I conclude by noting that the descriptive profile presented here is necessarily a beginning not an end to new attention to homeless schoolchildren in the policy-analytic literature. These new results are important not so much because “homeless youth act in a particular way” but because “to overlook that homelessness impacts youth, often in pernicious and injurious ways, is to ignore the social contexts of their lives and to obscure educational recommendations that might enable them to succeed.” (Tierney and Hallett 2012, p. 50) In other words, homelessness is a condition unto itself that requires explicit attention apart from services directed at other at-risk youth on the basis of race, income or parental education.

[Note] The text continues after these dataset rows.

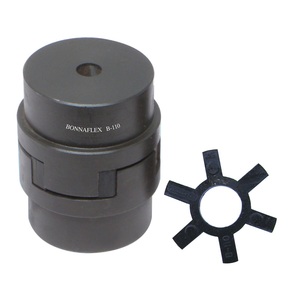 Acoplamiento de mordaza de estrella RRB de fosfato de hierro fundido de alta calidad, acero rígido Flexible OEM personalizable para maquinaria Industrial - Product Image 3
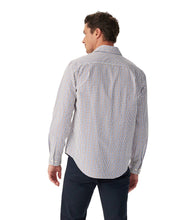 Load image into Gallery viewer, R.M.Williams Newland Poplin Check Shirt - Burgundy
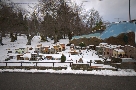 Panoramica con la neve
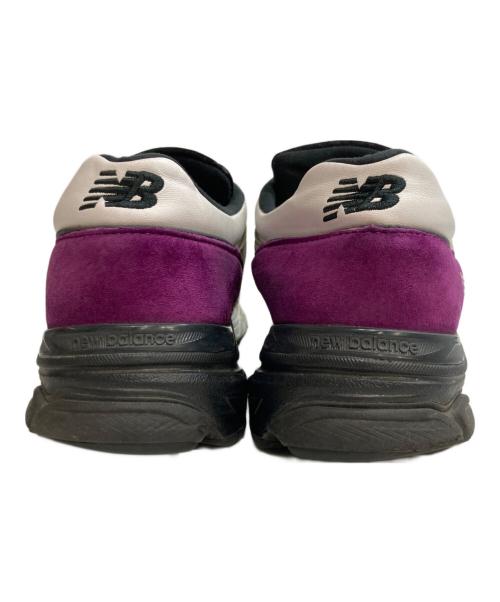 NEW BALANCE（ニューバランス）NEW BALANCE (ニューバランス) M15009EC グレー×パープル サイズ:UK7 1/2の古着・服飾アイテム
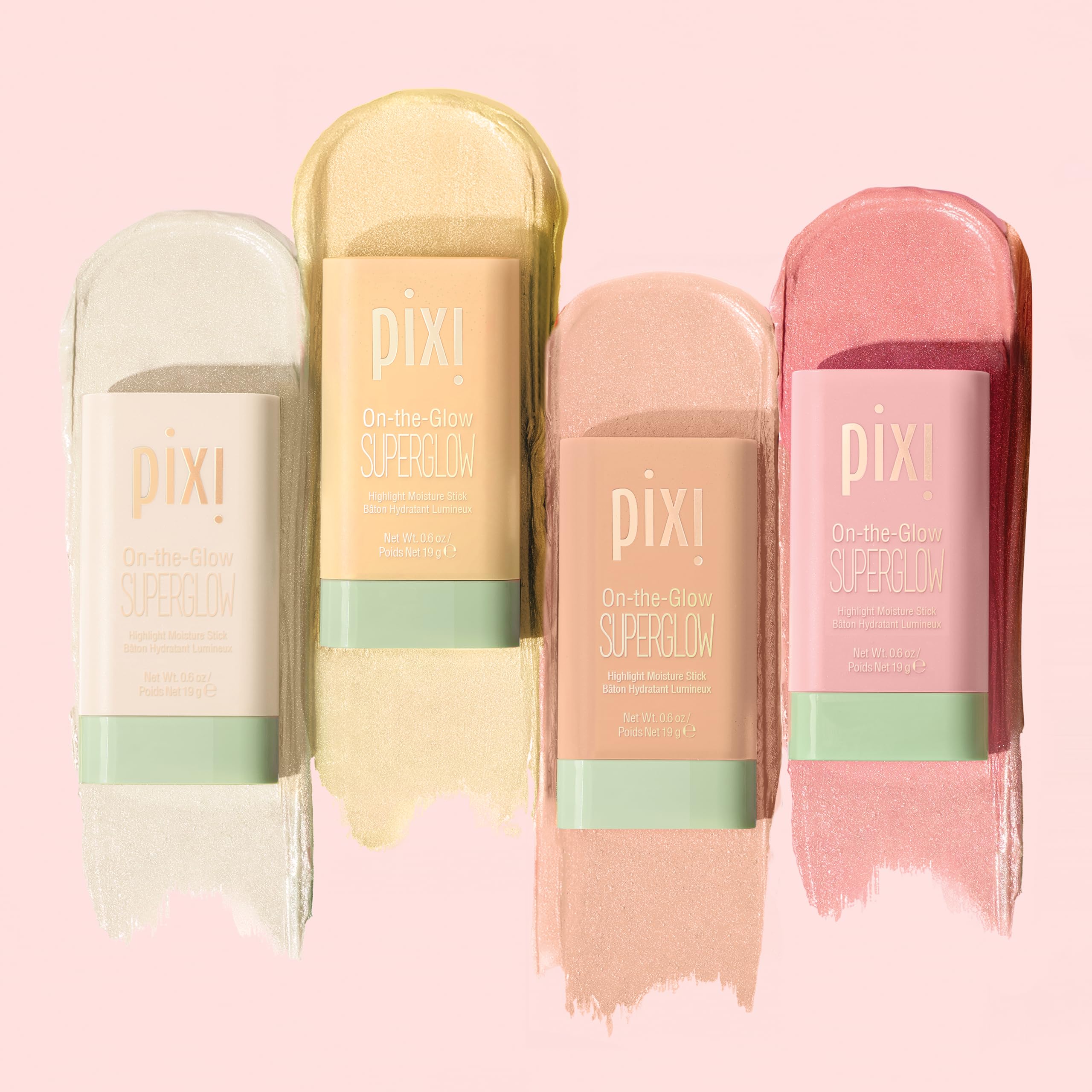 Pixi On-the-Glow stick enlumineur Petal Dew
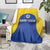 Saint Lucia Football Blanket Sporty Style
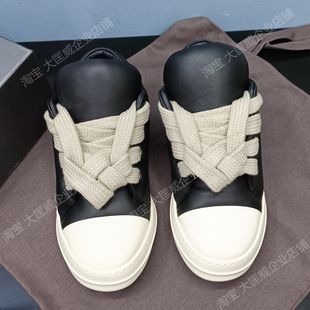 ro新款低帮鞋男增高厚底包子胖丁鞋女充气面包板鞋百搭棉鞋潮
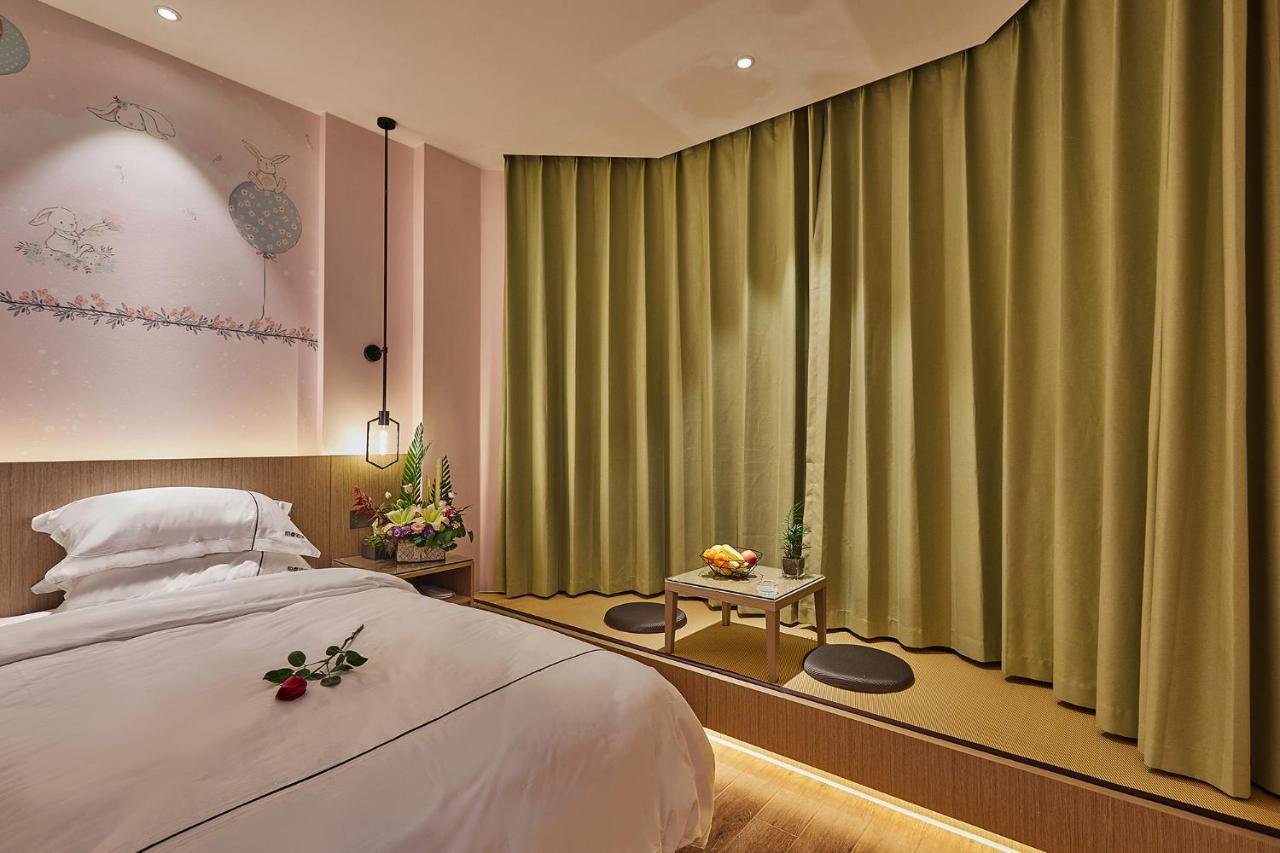 Yiwu Boman Boutique Hotel Ngoại thất bức ảnh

I argue that despite the high-quality body of work already devoted to homeless students, attention to these children by scholars of policies concerning more general areas such as accountability, income and race-based achievement gaps, school choice and school finance is warranted. Perhaps just as importantly, as data access and data quality improve, the cost of making that effort is lower than ever.
Data
The data and analysis for this paper are drawn from a larger project (Cowen, Creed and Keesler 2015) evaluating the state of Michigan’s Schools of Choice inter-district open-enrollment program. As the results below indicate, the population of Michigan homeless students represent a particularly mobile group of students, as reflected not only in their disproportionate between-district mobility but also in the use of local and charter school choice programs. As part of the Cowen, Creed and Keelser (2015) evaluation, I utilized the Michigan Department of Education’s (MDE) administrative dataset from the 2005-2006 school year through the 2012-2013 school year. This dataset contains demographic information and enrollment history for the universe of Michigan students. The enrollment history contains information on whether a student participates in Michigan’s School of Choice, attends a Public School Academy (charter school), or attends school in the district of residency in every year. These permit the construction of mobility indicators between local schools, districts and zip codes. The data set also provides Michigan Educational Assessment Program (MEAP) test scores for students in grades 3 through 9.4
The final three years of data from the choice evaluation project, 2010-11 through to 2012-13, include indicators that classify a student as “homeless” per the state’s compliance with McKinney-Vento. Schools are required to offer immediate enrollment to students even if typically required paperwork such as birth certificates, and documents providing residence and immunization records are unavailable. A student’s eligibility for McKinney-Vento services is determined by a liaison working with or for each local school district to assess student living circumstances on a case-by-case basis. Under the law, a student who lacks “fixed, regular, and adequate nighttime residence” is considered homeless. This includes students who may be living in hotels/motels, campgrounds, shelters, trailer parks, cars, parks, bus or train stations or generally substandard housing (McKinney-Vento Homeless Education Assistance Improvements Act of 2001 Section 725). According to best practices for such determinations published by the National Center for Homeless Education include guidelines to:
During the 2010-11, 2011-12 and 2012-13 schools years, 18,147 Michigan students in grades 3-9 were indicated as homeless under the legal definition. This translates into 1.8 percent of students in grades 3-9 during these years. Approximately 77.8 percent of student-year homeless observations had a homeless flag for only one of the three years of data available, 18.5 percent were homeless for two years, and less than 4 percent for all three years of data.5
Demographic Characteristics
Basic Homeless Demographic, Academic, and Mobility Comparisons
Table 1 indicates that homeless students are disproportionately black (24.3 percent) relative to non-homeless students (17.9 percent); they are also disproportionately Hispanic (11.7 compared to 6 percent) and, correspondingly, disproportionately non-white. Few differences (unreported) exist among the tiny proportion of homeless and non-homeless students who identify as Asian or multi-racial. Not surprisingly, they are almost uniformly poor: 86 participate in free/reduced lunch (and all are eligible), compared to 45 percent of the non-homeless population. They are also more likely to be diagnosed as having special academic needs (16.3 percent compared to 10.5 percent) and are more than twice as likely to be retained from the previous year’s grade (although for both groups the retention rates numbers are fairly small). On other background measures, however, homeless and non-homeless students appear more similar. Despite the disproportionate number of Hispanic students among the homeless population, they are not particularly more likely to have limited English proficiency (LEP). Students are also essentially equally distributed across the tested grades of 3-9.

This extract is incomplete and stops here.